6.3 Überdies ist dem unentgeltlichen Rechtsvertreter des Beschwerdeführers, Rechtsanwalt Jürg Federspiel, eine Entschädigung aus der Gerichtskasse zu entrichten. Eine Honorarnote wurde nicht eingereicht, weshalb die Entschädigung, wie mit Verfügung vom 11. April 2022 (Urk. 11) angekündigt, nach Ermessen festzusetzen ist. Gemäss § 8 der Verordnung über die Gebühren, Kosten und Entschädigungen vor dem Sozialversicherungsgericht (GebV SVGer) richtet sich die Entschädigung der unentgeltlichen Rechtsvertretung nach § 7 der GebV SVGer, welcher die Bemessung der in § 34 des Gesetzes über das Sozialversicherungsgericht (GSVGer) geregelten Parteientschädigung konkretisiert. Nach § 34 Abs. 3 GSVGer bemisst sich die Höhe der gerichtlich festzusetzenden Entschädigung nach der Bedeutung der Streitsache, der Schwierigkeit des Prozesses und dem Mass des Obsiegens, jedoch ohne Rücksicht auf den Streitwert.
Unter Berücksichtigung dieser Faktoren und des gerichtsüblichen Stundenansatzes von Fr. 220.-- (zuzüglich Mehrwertsteuer) ist eine Entschädigung in der Höhe von Fr. 1’500.-- (inklusive Mehrwertsteuer und Barauslagen) angemessen.

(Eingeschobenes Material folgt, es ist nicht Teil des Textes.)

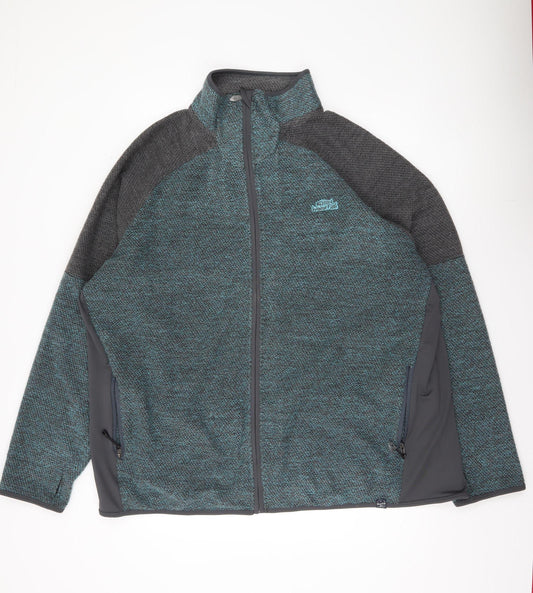 Weird Fish Men’s Green 5XL Fleece Jacket Full Zip Casual Outdoor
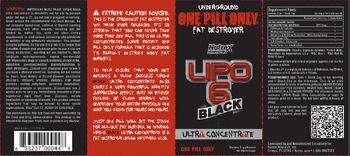 Nutrex Research Lipo 6 Black - supplement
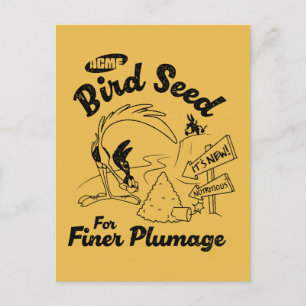 LOONEY TUNES™ ROAD RUNNER™ Bird Seed Postcard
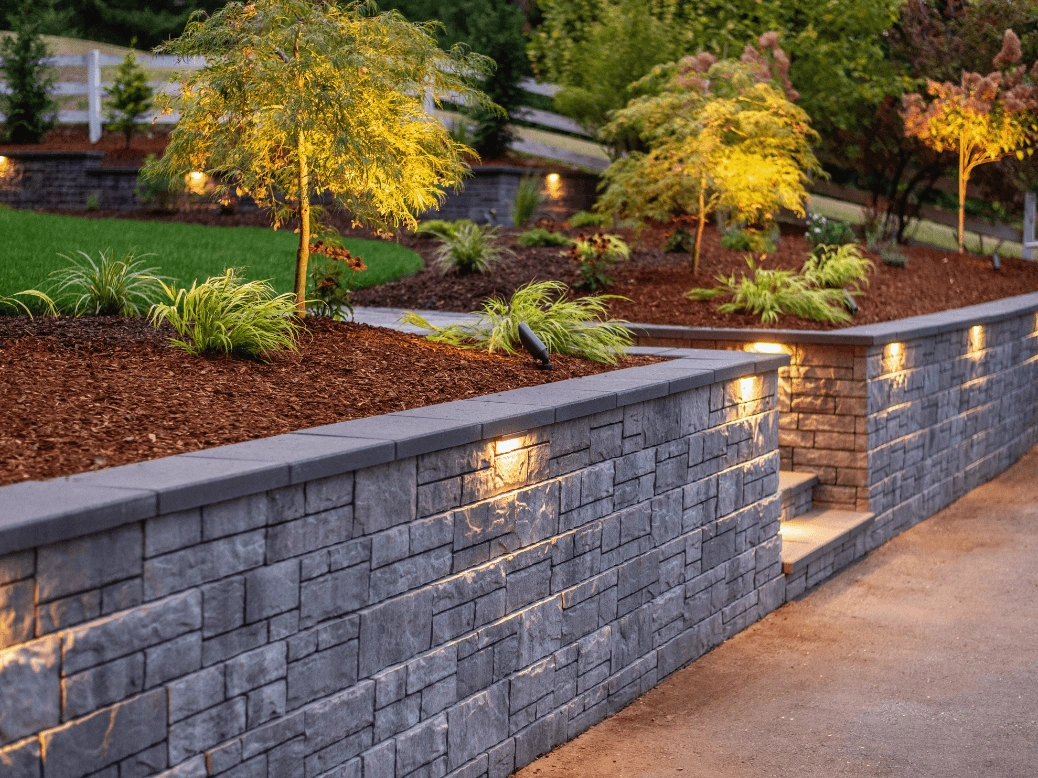 outdoor retaining wall 6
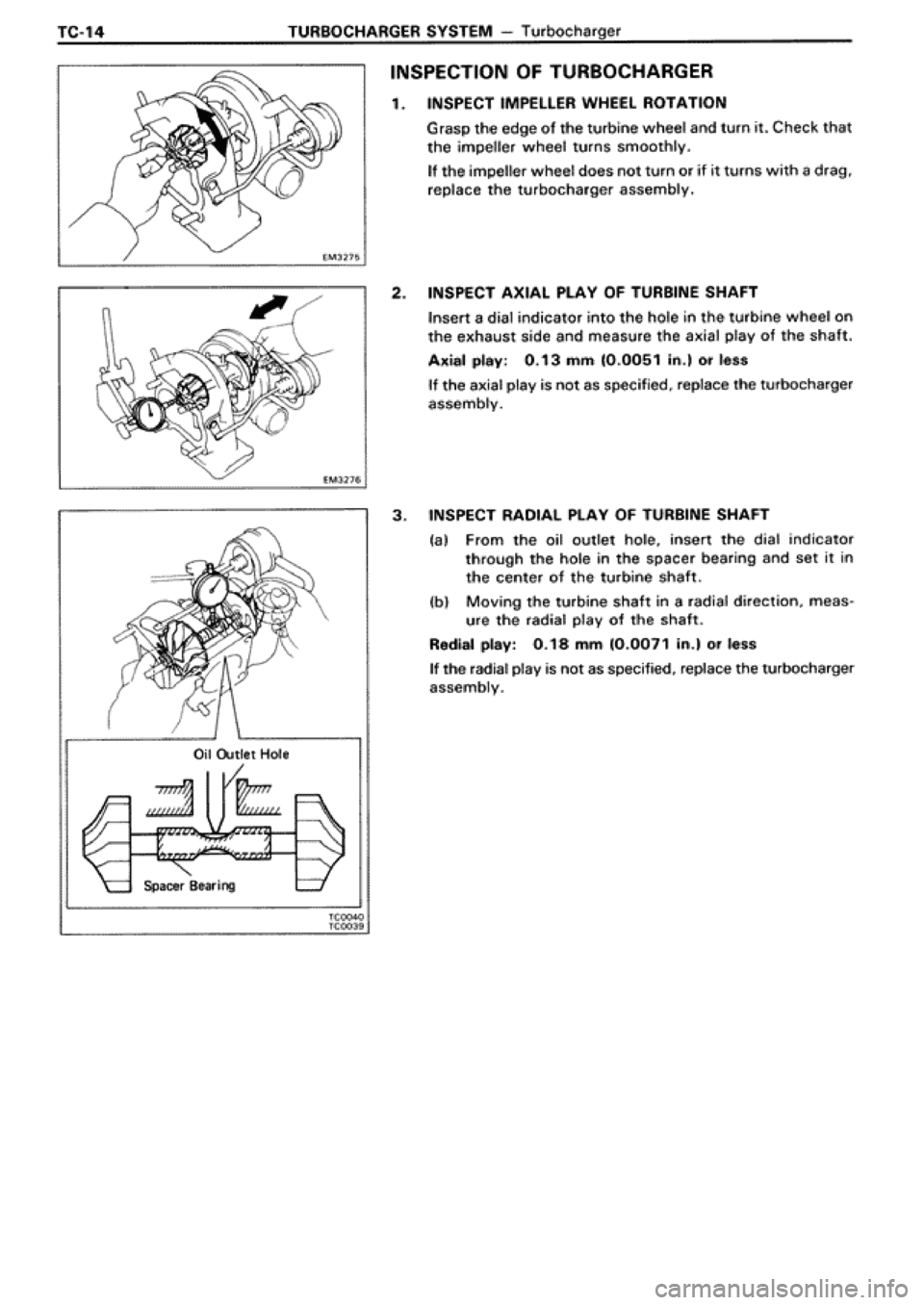 TOYOTA SUPRA 1990 3.G Workshop Manual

6.4 Der Beschwerdeführer wird auf § 16 Abs. 4 GSVGer hingewiesen, wonach er zur Nachzahlung der Auslagen für die unentgeltliche Rechtspflege verpflichtet ist, sobald er dazu in der Lage ist.
Das Gericht beschliesst:
In Bewilligung des Gesuches vom 28. Februar 2022 wird dem Beschwerdeführer die unentgeltliche Prozessführung bewilligt und ihm in der Person von Rechtsanwalt Jürg Federspiel ein unentgeltlicher Rechtsvertreter bestellt,
und erkennt sodann:
1. Die Beschwerde wird abgewiesen.
2. Die Gerichtskosten von Fr. 700.-- werden dem Beschwerdeführer auferlegt, zufolge Gewährung der unentgeltlichen Rechtspflege jedoch einstweilen auf die Gerichtskasse genommen. Der Beschwerdeführer wird auf die Nachzahlungspflicht gemäss § 16 Abs. 4 GSVGer hingewiesen.
3. Der unentgeltliche Rechtsvertreter des Beschwerdeführers, Rechtsanwalt Jürg Federspiel, Zürich, wird mit Fr. 1'500.-- (inkl. Barauslagen und MWSt) aus der Gerichtskasse entschädigt. Der Beschwerdeführer wird auf die Nachzahlungspflicht gemäss § 16 Abs. 4 GSVGer hingewiesen.
4. Zustellung gegen Empfangsschein an:
- Rechtsanwalt Jürg Federspiel
- Sozialversicherungsanstalt des Kantons Zürich, IV-Stelle
- Bundesamt für Sozialversicherungen
sowie an:
- Gerichtskasse
5. Gegen diesen Entscheid kann innert 30 Tagen seit der Zustellung beim Bundesgericht Beschwerde eingereicht werden (Art. 82 ff. in Verbindung mit Art. 90 ff. des Bundesgesetzes über das Bundesgericht, BGG). Die Frist steht während folgender Zeiten still: vom siebten Tag vor Ostern bis und mit dem siebten Tag nach Ostern, vom 15. Juli bis und mit 15. August sowie vom 18. Dezember bis und mit dem 2. Januar (Art. 46 BGG).
Die Beschwerdeschrift ist dem Bundesgericht, Schweizerhofquai 6, 6004 Luzern, zuzustellen.
Die Beschwerdeschrift hat die Begehren, deren Begründung mit Angabe der Beweismittel und die Unterschrift des Beschwerdeführers oder seines Vertreters zu enthalten; der angefochtene Entscheid sowie die als Beweismittel angerufenen Urkunden sind beizulegen, soweit die Partei sie in Händen hat (Art. 42 BGG).